Former Ravens kicker Matt Stover addressed scholarship recipients at M&T Bank Stadium on Friday, emphasizing integrity and a willingness to work.
The Baltimore Community Foundation, a philanthropic non-profit that give scholarships to local high school and college students, organized the event in a suite at the stadium.
"BCF and the Ravens do such a good job of giving back to the kids," Stover said. "Giving $5,000 a year to each one of these kids is an amazing amount of money, and to be able to do that year in, year out is incredible."
The foundation gave a total of $169,500 to 66 Maryland students Friday. According to a news release, that amount is a 50 percent increase compared to last year's total.
Towson University music education senior Jay Karolenko, who won the Christa McAuliffe scholarship, said he is a huge Stover fan and having him there was special. The scholarship, worth $1,250, is designated for aspiring teachers.
"I'm a big fan.
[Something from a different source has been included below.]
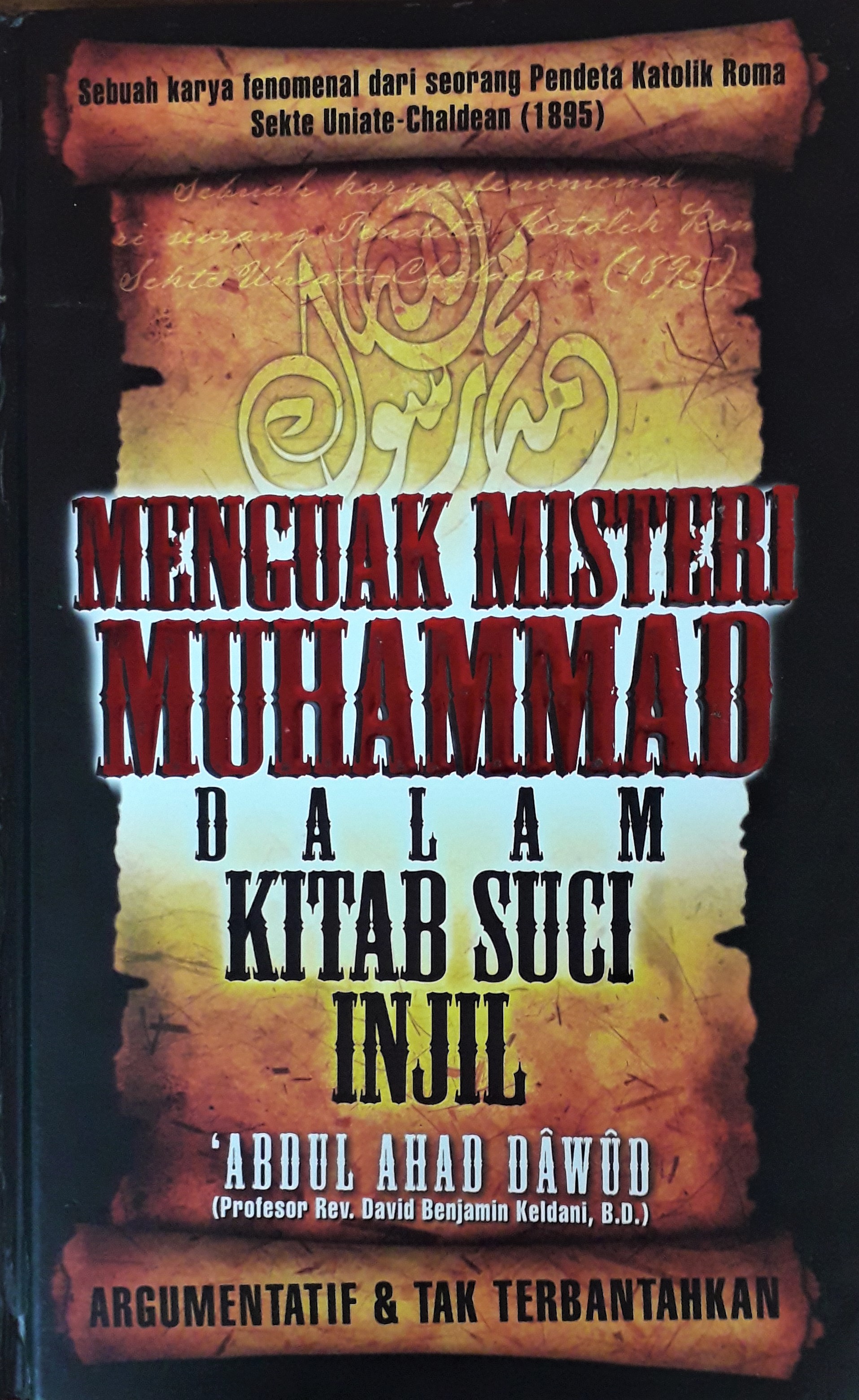 Cover Menguak Misteri Muhammad :  Dalam Kitab Suci Injil / Abdul Ahad Dawud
I went to his kicking camp when I was in eighth grade," Karolenko said. "He speaks very genuinely and really cares about our community."
Stover told stories of his days as a Raven and how they apply to everyday life. He regaled the students with an anecdote of his first experiences with former Ravens coach Brian Billick in the 1999 season, when he started the season 5-for-10 on field goals.
Stover said he approached Billick and told the coach to advance the ball to the 30-yard line — which equates to a 48-yard field goal — and he wouldn't miss again.
He went on to make his next 18 attempts.
"Doing what's right, taking responsibility was part of what made me successful," Stover said.
Stover, who also runs his own foundation, was one of a few choices available for team president Dick Cass to select as speaker. With the NFL lockout, players are not allowed to communicate with their respective teams.
Stover retired from the NFL last week.
"I'm the only one standing," Stover said. "Dick and I had seen each other last week at my retirement and we had talked a few weeks before that [about doing this]."
Stover, who was a rookie in 1990 when the league had a work stoppage, said he's not too worried about the players and owners coming to a labor agreement.
"To tell you the truth, it's going to work out," Stover said. "There will be football in 2011."
The Baltimore resident still has a busy schedule, even if it's drastically different from the day-to-day slate of an NFL player. All three of his children — Jenn, 15, Jacob, 14, and Joe, 8 – attend McDonogh, where Stover sits on the board.
"Everybody asks me 'Are you bored yet? Has your wife kicked you out of the house?' Not even close. I've been plenty busy," Stover said. "I know I have a social responsibility with things like this and that's what I plan on doing.
"It's a lot, but life is full. I wouldn't have it any other way."